Bound delegates breaking against the presumptive nominee to 'vote their conscience' has never before been tested.
Another complicating factor: a plan announced by the Democratic National Committee long before Biden’s disastrous debate to do a virtual roll call vote sometime before the convention.
The DNC originally had made that decision to get around a deadline in an Ohio law to get the nominee on the November ballot. But now, it means delegates are expected to vote virtually well before the start of the convention on Aug. 19.
Two DNC committees are slated to meet July 19 and July 21 to finalize this plan and set a date for the virtual vote. But what this would likely mean is that by the time delegates show up at the convention hall in Chicago in August, Biden will already officially be the nominee.
But what if Biden voluntarily steps aside?
If Biden decided to drop out, that would set off a series of events not seen in more than 50 years.
The party would then be headed for an open convention that could go to multiple rounds of voting if Democrats – and more importantly, convention delegates – don’t coalesce behind a single candidate before they convene in Chicago on August 19.
The convention could be preceded by something resembling a highly accelerated presidential campaign where the voters being wooed are the approximately 4,700 convention delegates. The delegate voting process is spelled out in Democratic party rules.
“You might not really know where it was going until we actually got to the convention and the delegates actually got there,” said Kamarck.
For people who have spent their lives voting in primaries and having those votes decide their party’s nominee, this may seem undemocratic. But, there’s actually nothing in the U.S. Constitution about how candidates are chosen.
At the convention, each candidate would be allowed 20 minutes of supporting speeches from the people nominating and seconding them – and then there would be a roll call vote by states, in alphabetical order.
The delegates voting would include those previously pledged to Biden as well as about 700 so-called ‘superdelegates’, which include members of the Democratic National Committee, Democratic governors, members of Congress and even former presidents. There could be many rounds of voting until a majority was reached.
‘Reality TV like you can't imagine’
Conventions have been relatively suspenseless affairs since the 1968 Democratic convention in Chicago. Starting with the 1972 election, party rules were changed to shift the power to pick the nominee from party power brokers to voters whose preferences are logged months before the convention.
The rules were adjusted again after the contentious 2016 Democratic primary to further dilute the influence of party leaders in favor of the preference of voters.
An open convention would be “reality TV like you can't imagine,” said Elaine Kamarck, a senior fellow at the Brookings Institution and a DNC member. “But there is a procedure for doing it right. There's a procedure for running conventions that's well over 200 years old.”

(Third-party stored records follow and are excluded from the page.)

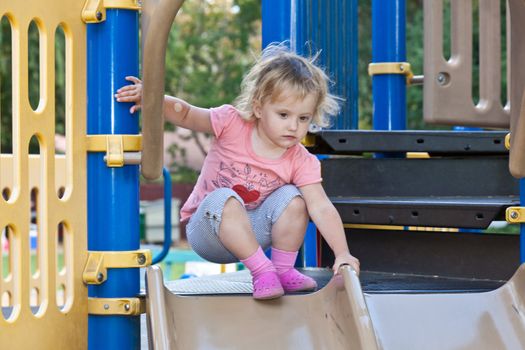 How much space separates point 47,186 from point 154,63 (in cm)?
45

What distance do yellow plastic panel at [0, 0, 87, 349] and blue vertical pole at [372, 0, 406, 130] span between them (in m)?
2.24

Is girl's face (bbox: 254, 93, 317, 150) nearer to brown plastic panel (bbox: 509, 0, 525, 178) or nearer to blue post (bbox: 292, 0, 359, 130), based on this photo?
brown plastic panel (bbox: 509, 0, 525, 178)

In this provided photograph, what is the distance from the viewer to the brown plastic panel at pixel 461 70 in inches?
135

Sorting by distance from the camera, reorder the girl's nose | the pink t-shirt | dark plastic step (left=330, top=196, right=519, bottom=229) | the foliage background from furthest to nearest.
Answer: the foliage background < dark plastic step (left=330, top=196, right=519, bottom=229) < the pink t-shirt < the girl's nose

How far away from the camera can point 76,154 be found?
2523 millimetres

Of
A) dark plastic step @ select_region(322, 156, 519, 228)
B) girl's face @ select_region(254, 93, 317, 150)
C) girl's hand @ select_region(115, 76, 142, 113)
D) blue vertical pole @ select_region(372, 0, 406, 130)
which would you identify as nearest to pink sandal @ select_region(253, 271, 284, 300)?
girl's face @ select_region(254, 93, 317, 150)

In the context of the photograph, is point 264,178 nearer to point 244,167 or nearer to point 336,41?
point 244,167

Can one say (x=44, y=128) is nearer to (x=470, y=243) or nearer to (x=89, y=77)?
(x=89, y=77)

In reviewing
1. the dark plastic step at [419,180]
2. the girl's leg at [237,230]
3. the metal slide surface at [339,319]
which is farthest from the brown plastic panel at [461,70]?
the girl's leg at [237,230]

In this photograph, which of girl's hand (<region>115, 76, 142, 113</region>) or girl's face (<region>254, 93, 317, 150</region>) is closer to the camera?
girl's hand (<region>115, 76, 142, 113</region>)

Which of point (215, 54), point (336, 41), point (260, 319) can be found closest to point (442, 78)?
point (336, 41)

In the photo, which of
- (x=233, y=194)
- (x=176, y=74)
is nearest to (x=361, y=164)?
(x=233, y=194)

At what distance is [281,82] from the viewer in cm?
266

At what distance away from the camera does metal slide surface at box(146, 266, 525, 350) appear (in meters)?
2.38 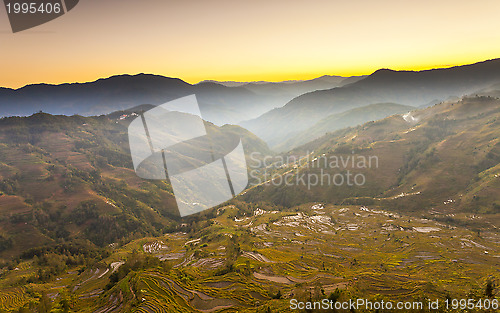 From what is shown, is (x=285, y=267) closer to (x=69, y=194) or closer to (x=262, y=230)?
(x=262, y=230)

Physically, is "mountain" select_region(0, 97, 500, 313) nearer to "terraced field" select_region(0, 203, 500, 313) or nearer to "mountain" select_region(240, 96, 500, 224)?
"terraced field" select_region(0, 203, 500, 313)

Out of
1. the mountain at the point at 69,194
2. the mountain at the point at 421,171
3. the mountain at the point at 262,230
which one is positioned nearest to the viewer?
the mountain at the point at 262,230

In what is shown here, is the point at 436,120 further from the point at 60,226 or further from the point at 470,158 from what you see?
the point at 60,226

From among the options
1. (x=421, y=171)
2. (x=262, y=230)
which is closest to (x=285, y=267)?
(x=262, y=230)

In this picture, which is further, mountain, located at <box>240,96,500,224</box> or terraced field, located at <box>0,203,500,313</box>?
mountain, located at <box>240,96,500,224</box>

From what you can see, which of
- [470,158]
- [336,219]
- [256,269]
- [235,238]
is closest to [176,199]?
[235,238]

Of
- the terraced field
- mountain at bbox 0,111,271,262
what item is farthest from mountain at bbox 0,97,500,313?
mountain at bbox 0,111,271,262

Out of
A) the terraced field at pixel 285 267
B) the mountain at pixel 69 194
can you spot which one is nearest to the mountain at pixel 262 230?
the terraced field at pixel 285 267

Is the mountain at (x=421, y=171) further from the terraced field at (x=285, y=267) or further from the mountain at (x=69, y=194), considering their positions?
the mountain at (x=69, y=194) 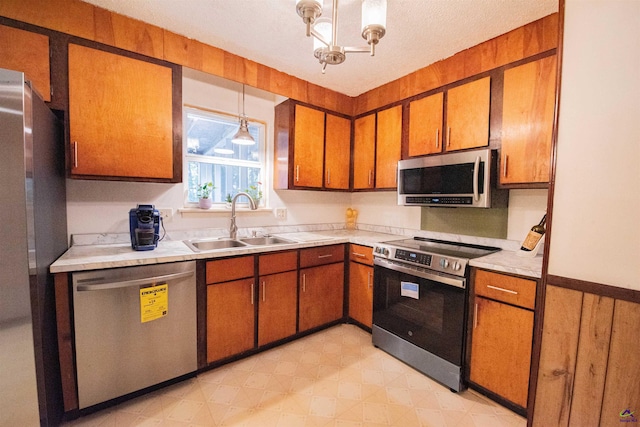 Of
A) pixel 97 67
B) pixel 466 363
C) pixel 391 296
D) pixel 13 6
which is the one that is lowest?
pixel 466 363

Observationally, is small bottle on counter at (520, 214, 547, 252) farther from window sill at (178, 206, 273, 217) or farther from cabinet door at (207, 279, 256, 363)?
window sill at (178, 206, 273, 217)

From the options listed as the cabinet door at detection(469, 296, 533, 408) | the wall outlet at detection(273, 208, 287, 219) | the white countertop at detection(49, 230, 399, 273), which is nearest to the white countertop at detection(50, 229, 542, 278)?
the white countertop at detection(49, 230, 399, 273)

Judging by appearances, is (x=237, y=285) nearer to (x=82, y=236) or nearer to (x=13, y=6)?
(x=82, y=236)

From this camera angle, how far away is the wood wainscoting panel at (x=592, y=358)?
112 centimetres

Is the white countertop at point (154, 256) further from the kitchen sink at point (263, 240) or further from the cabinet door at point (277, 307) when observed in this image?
the kitchen sink at point (263, 240)

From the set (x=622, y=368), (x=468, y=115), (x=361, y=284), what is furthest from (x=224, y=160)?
(x=622, y=368)

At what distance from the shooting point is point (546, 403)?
1.29m

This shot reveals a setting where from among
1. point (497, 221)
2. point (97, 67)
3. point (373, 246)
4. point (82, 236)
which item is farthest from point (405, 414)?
point (97, 67)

Essentially, she says, this is a return to a process that started in 1831 with the first convention and lasted through 1968. That year, President Lyndon B. Johnson dropped out early, in the face of anti-Vietnam war sentiment that was sinking his candidacy.

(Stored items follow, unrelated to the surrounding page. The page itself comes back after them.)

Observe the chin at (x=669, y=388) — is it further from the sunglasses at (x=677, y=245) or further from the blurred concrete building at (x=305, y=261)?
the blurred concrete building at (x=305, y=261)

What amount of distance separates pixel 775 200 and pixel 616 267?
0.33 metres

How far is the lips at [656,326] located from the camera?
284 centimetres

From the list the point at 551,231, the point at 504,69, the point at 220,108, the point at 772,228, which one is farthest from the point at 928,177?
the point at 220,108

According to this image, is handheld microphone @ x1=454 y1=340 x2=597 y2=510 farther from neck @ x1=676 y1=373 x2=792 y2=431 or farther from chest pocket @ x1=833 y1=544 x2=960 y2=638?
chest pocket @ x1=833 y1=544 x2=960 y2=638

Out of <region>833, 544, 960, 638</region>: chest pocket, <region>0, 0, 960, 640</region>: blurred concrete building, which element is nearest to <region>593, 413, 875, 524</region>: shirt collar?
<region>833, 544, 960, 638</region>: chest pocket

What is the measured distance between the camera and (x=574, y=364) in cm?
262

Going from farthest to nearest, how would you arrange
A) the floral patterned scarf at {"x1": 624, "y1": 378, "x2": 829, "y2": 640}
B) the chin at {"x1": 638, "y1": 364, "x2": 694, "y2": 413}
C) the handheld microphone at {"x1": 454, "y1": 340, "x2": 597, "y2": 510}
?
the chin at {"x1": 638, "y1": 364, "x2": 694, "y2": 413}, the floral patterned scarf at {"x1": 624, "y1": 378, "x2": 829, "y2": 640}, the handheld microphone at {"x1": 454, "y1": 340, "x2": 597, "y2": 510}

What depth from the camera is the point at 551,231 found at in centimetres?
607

Then, while the primary was still underway, Robert F. Kennedy was assassinated, leaving Vice President Hubert Humphrey to battle it out with anti-war Senator Eugene McCarthy.
Humphrey came into the convention with the majority of delegates and left as the Democratic nominee, but the convention put an ugly intraparty battle on display with protests inside and outside the convention hall.
“Lots of voters tuned in to these conventions because it was only at the conventions that you saw the real drama,” said Kamarck.
Republican Richard Nixon won the election that November and Democrats instituted a series of reforms to the nominating process to give regular voters more say.